== INFORMATION SUPPLIED ==
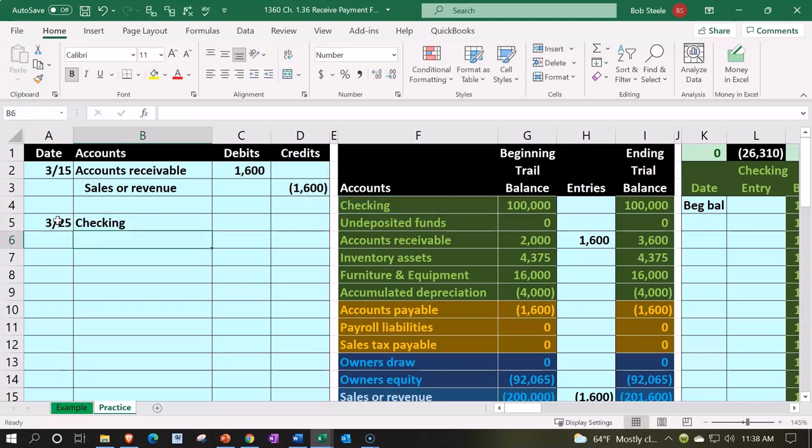Why wouldn't I put it directly into the checking account? Sometimes if I got cash for example and I got multiple different amounts of cash and I'm going to deposit it into the bank account at one time, then my goal is to put it into my books in the same format that it's going to go into the bank account.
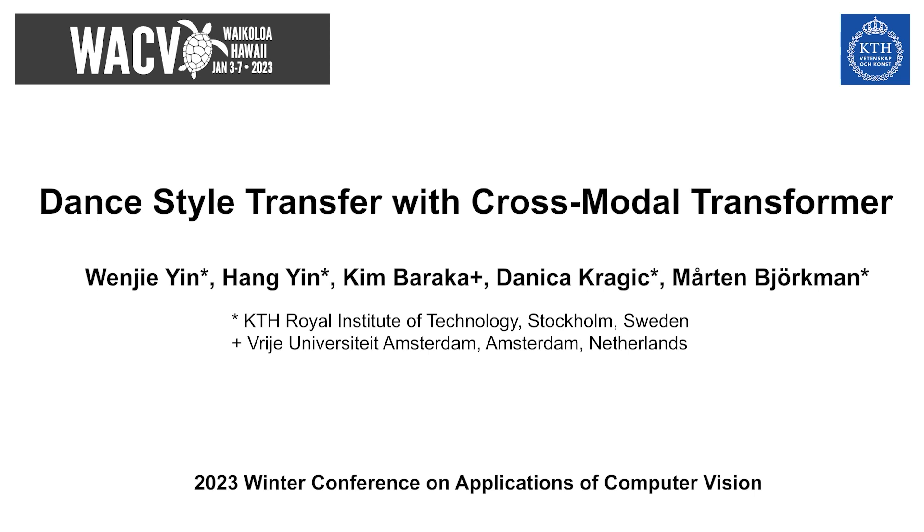Hello everyone, welcome to the presentation of our paper titled Dance Style Transfer with Cross-Modal Transformers. In this work, we present CycleDance, a dance style transfer system to transform an existing motion clip in one dance style to another, while attempting to preserve the motion context of the dance.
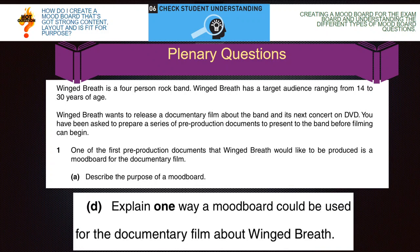The first question: describe the purpose of a mood board. The purpose of a mood board is to generate ideas — specifically visual ideas, or audio ideas if it's a digital mood board. Then the final question: explain one way a mood board could be used for the documentary film Winged Breath. It could be used to create imagery that could be used in the introduction sequence for the documentary film. Now make sure you take a photograph of the notes you've created, take a photograph of the mood board you created for the exam question — including your marking so I can see what grade you've got — and upload it to Teams to the assignment, or email it to my school email address.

== WORK TASK ==
Only the lines from the one containing "Hello everyone, welcome" through the end of the data above are to be output, exactly and without pictures.

== EXPECTED ANSWER ==
Hello everyone, welcome to the presentation of our paper titled Dance Style Transfer with Cross-Modal Transformers. In this work, we present CycleDance, a dance style transfer system to transform an existing motion clip in one dance style to another, while attempting to preserve the motion context of the dance.
The first question: describe the purpose of a mood board. The purpose of a mood board is to generate ideas — specifically visual ideas, or audio ideas if it's a digital mood board. Then the final question: explain one way a mood board could be used for the documentary film Winged Breath. It could be used to create imagery that could be used in the introduction sequence for the documentary film. Now make sure you take a photograph of the notes you've created, take a photograph of the mood board you created for the exam question — including your marking so I can see what grade you've got — and upload it to Teams to the assignment, or email it to my school email address.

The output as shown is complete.